Abengoa's solar power tower, PS10, near Seville, Spain. It is capable of supplying 11 megawatts, or approximately 5,500 households worth of power.Photo: afloresmSouthern California's Antelope Valley is famous for its poppies, luring prospective residents with fiery-orange photographs of the State's most celebrated flower and drawing as many as 60 thousand people each spring to the California Poppy Festival. The region also encompasses the western tip of the sun-scorched Mojave Desert and as a result has recently become the home of one of the most aesthetically striking new designs in alternative energy. On August 5th, the company eSolar flipped the switch on the Sierra Sun Tower, the newest example of what have come to be known as solar "power towers."
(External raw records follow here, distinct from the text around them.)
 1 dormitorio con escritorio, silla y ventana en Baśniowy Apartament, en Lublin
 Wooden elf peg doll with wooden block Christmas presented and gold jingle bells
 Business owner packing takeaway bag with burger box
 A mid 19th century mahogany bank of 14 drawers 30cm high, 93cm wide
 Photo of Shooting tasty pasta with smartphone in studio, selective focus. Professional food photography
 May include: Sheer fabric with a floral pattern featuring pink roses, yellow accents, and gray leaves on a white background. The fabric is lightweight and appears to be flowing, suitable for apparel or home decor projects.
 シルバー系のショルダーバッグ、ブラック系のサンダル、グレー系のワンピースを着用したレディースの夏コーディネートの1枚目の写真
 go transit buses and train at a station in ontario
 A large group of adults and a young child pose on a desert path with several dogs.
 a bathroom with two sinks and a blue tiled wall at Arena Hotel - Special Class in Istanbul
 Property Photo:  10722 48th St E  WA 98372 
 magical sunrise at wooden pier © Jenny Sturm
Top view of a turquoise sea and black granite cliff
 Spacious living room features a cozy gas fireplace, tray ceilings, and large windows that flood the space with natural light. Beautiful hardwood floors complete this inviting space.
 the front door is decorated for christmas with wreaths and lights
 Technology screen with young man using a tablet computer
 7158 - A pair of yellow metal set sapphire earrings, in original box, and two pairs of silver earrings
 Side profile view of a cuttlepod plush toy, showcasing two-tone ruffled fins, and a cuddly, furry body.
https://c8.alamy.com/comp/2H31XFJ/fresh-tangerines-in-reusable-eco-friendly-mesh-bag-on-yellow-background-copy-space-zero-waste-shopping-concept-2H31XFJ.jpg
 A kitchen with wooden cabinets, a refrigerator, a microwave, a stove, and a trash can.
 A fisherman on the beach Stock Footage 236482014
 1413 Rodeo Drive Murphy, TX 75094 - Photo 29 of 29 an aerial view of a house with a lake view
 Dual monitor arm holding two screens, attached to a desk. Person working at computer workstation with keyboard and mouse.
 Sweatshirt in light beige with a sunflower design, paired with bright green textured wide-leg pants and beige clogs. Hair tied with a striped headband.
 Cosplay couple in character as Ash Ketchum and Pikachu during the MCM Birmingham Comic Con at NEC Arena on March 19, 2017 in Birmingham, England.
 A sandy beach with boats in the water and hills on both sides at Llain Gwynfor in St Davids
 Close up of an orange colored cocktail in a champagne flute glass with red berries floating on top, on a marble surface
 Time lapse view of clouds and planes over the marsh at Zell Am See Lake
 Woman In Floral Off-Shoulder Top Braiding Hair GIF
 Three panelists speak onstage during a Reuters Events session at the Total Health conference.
Comprised of one or two tall narrow towers surrounded by an enormous field of shimmering mirrors beaming sunlight back up from ground level, these power plants work by essentially the same principle you might have exploited as a child in using a magnifying glass and a hot sunny day to burn holes in the leaves of a backyard playground. A magnifying glass focuses sunlight from a round disk into a single bright dot. A solar power tower's field of mirrors focuses light onto a single water tank high in the air. The concentrated light boils the water, and the steam is used to generate electricity.

In other parts of the world the concept of the solar power tower has gained dazzling momentum as well. Last April, the Spanish company Abengoa commenced operation of a new power tower of its own, dubbed PS20. The power output is still a pittance compared to some of the largest fossil fuel or nuclear plants, but at 20 MW it is currently the largest power tower in existence.

The surge of excitement recently in solar power towers may be grounded on more than hype. Other solar technologies tend to be limited in their promise by cost. Caitlin Cieslik-Miskimena, an eSolar press contact, said that many of the components employed in the company are relatively cheap. She noted, for example, that the mirrors used to collect the Sierra Sun Tower's light are "just a step above a bathroom mirror" in quality. Because they are relatively small, they can also be manufactured to be flat, which is considerably less expensive than the parabolic mirrors used in some other designs.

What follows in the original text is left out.